Engines (dnnl::engine) are an abstraction of a computational device: a CPU, a specific GPU card in the system, etc. Most primitives are created to execute computations on one specific engine. The only exceptions are reorder primitives that may transfer data between two different engines.

Streams (dnnl::stream) encapsulate execution context tied to a particular engine. For example, they can correspond to DPC++ command queues.

Memory objects (dnnl::memory) encapsulate handles to memory allocated on a specific engine, tensor dimensions, data type, and memory format – the way tensor indices map to offsets in linear memory space. Memory objects are passed to primitives during execution.

Levels of Abstraction

oneDNN has multiple levels of abstractions for primitives and memory objects in order to expose maximum flexibility to its users.

On the logical level, the library provides the following abstractions:

  • Memory descriptors (dnnl::memory::desc) define the logical dimensions of a tensor, data type, and the format in which the data is laid out in memory.
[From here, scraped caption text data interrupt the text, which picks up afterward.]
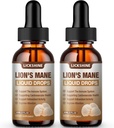 2 Pack Lions Mane συμπλήρωμα υγρό εκχύλισμα μανιταριών σταγόνες για μνήμη, εστίαση & σαφήνεια - Booster εγκεφάλου - Lions Mane Βάμμα για φυσική ανοσοποιητική υποστήριξη, Vegan, οργανικά, 2 fl Oz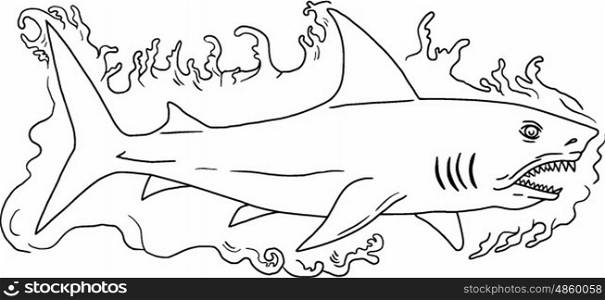 Drawing sketch style illustration of a shark swimming in water viewed from the side set on isolated white background.. Shark Water Side Drawing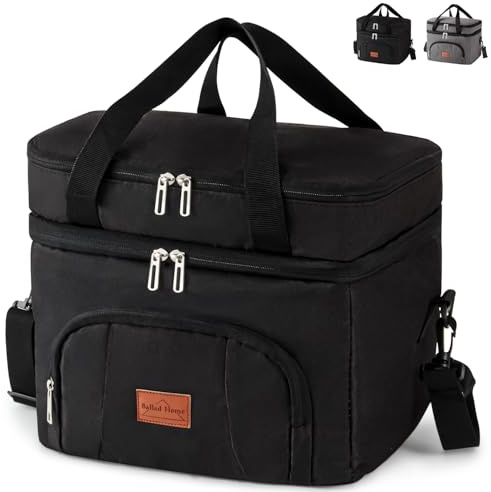 BalladHome 23L Bolsa Térmica Porta Alimentos Bolsa de Enfriamiento Bolsa de Almuerzo Portátil Bolsa De Aislamiento alimentos/Bebidas Bolsa Nevera para adecuado Adulto Niños (Negro)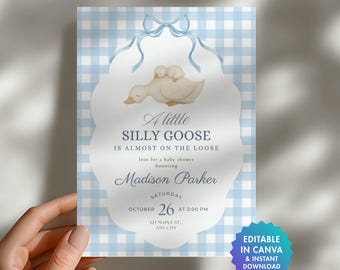 Invitation idiote de baby shower d'oie | Vichy bleu | Modèle de toile modifiable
The special format any (dnnl::memory::format_tag::any) indicates that the actual format will be defined later.

  • Primitive descriptors (dnnl::primitive_desc_base is the base class and each of the supported primitives have their own version) can be used to inspect details of a specific primitive implementation like expected memory formats via queries to implement memory format propagation (see Memory format propagation) without having to fully instantiate a primitive.

Abstraction level

Memory object

Primitive objects

Logical description

Memory descriptor

Primitive descriptor

Implementation

Memory object

Primitive

Graph Extension#

The graph extension is a high level abstraction in oneDNN that allows to work with a computation graph instead of individual primitives. This approach allows to make operation fusion:

  • transparent: the integration efforts are reduced by abstracting engine-aware fusion logic.
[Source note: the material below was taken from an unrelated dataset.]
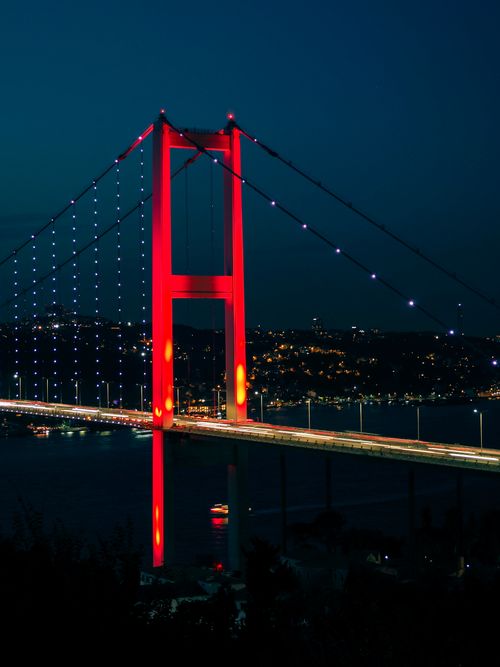 Free Stunning view of the illuminated Bosphorus Bridge in Istanbul at night. Stock Photo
  • scalable: no integration code change is necessary to benefit from new fusion patterns enabled in the oneDNN implementation.
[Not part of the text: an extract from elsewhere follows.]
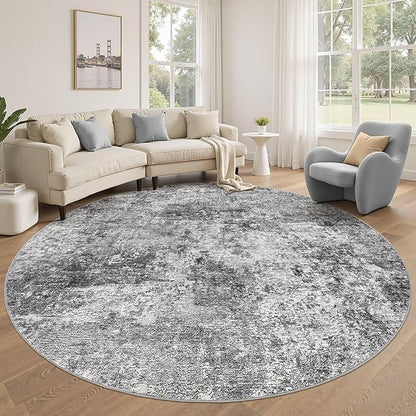 8ft Round Area Rug Living Room Rugs - 8x8 Washable Large Soft Indoor Neutral Modern Abstract Low Pile Rug Carpet for Bedroom Dining Room Farmhouse Home Office - Grey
The programming model for the graph extension is detailed in the graph programming model section.

General API notes#

oneDNN objects can be empty in which case they are not valid for any use. Memory descriptors are special in this regard, as their empty versions are regarded as zero memory descriptors that can be used to indicate absence of a memory descriptor. Empty objects are usually created using default constructors, but also may be a result of an error during object construction (see the next section).

Error Handling#

All oneDNN functions throw the following exception in case of error.

struct error : public std::exception#

oneDNN exception class.

This class captures the status returned by a failed function call

Additionally, many oneDNN functions that construct or return oneDNN objects have a boolean allow_empty parameter that defaults to false and that makes the library to return an empty object (a zero object in case of memory descriptors) when an object cannot be constructed instead of throwing an error.

Namespaces#

All oneDNN functions and classes reside in ::dnnl namespace. The functions that accept or return DPC++ objects such as command queues or buffers reside in ::dnnl::sycl_interop namespace.

Furthermore, oneDNN defines ::oneapi::dnnl namespace, that is an alias for the ::dnnl namespace.